Perché l'art. 2, c. 6 del D.M. 16/01/2017 recita:

6. I contratti di cui al presente articolo sono ricondotti alla
durata
prevista dall'art. 2, comma 1, della legge n. 431 del 1998 in
caso di inadempimento delle modalita' di stipula
del contratto
previste dai commi 1, 2, 4, 5 del presente articolo.

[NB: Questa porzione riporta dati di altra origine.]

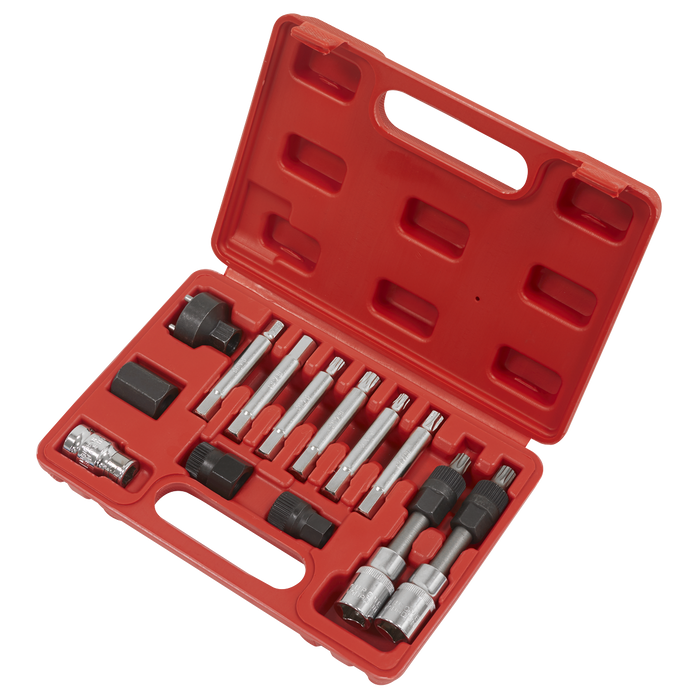 Alternator Freewheel Removal Set 13pc | SX401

Significa che i contratti transitori stipulati in violazione delle norme (come nel tuo caso) sono per legge ricondotti a quelli liberi 4 + 4.
Se il conduttore sceglie di agire in tal senso, la legge è dalla sua parte e tu non ti puoi opporre.
Potrai eventualmente proporgli l'alternativa A) ed è probabile che lui la accetti dietro "congruo compenso": ti vende la cucina, si fa rimborsare le spese del trasloco, e ti chiede una buonuscita sostanziosa.

Secondo me ora non devi fargli alcuna proposta. Lascia che sia l'avvocato dell'inquilino a fare la prima mossa.
Significa che i contratti transitori stipulati in violazione delle norme (come nel tuo caso) sono per legge ricondotti a quelli liberi 4 + 4.
Se il conduttore sceglie di agire in tal senso, la legge è dalla sua parte e tu non ti puoi opporre.
Se mi obbliga a fare un contratto 4+4 a me può andare bene.Non è che tassativamente devo vendere il 01-01-24,sarà il male di aspettare un altro anno e due mesi in più.L'importante è che non sia poi costretto a fare anche il rinnovo di altri 4 anni e magari abbassare anche il canone di affitto.Per quanto riguarda un eventuale diritto di prelazione sull'acquisto,non ho problemi a venderlo a lei se lo paga la cifra richiesta.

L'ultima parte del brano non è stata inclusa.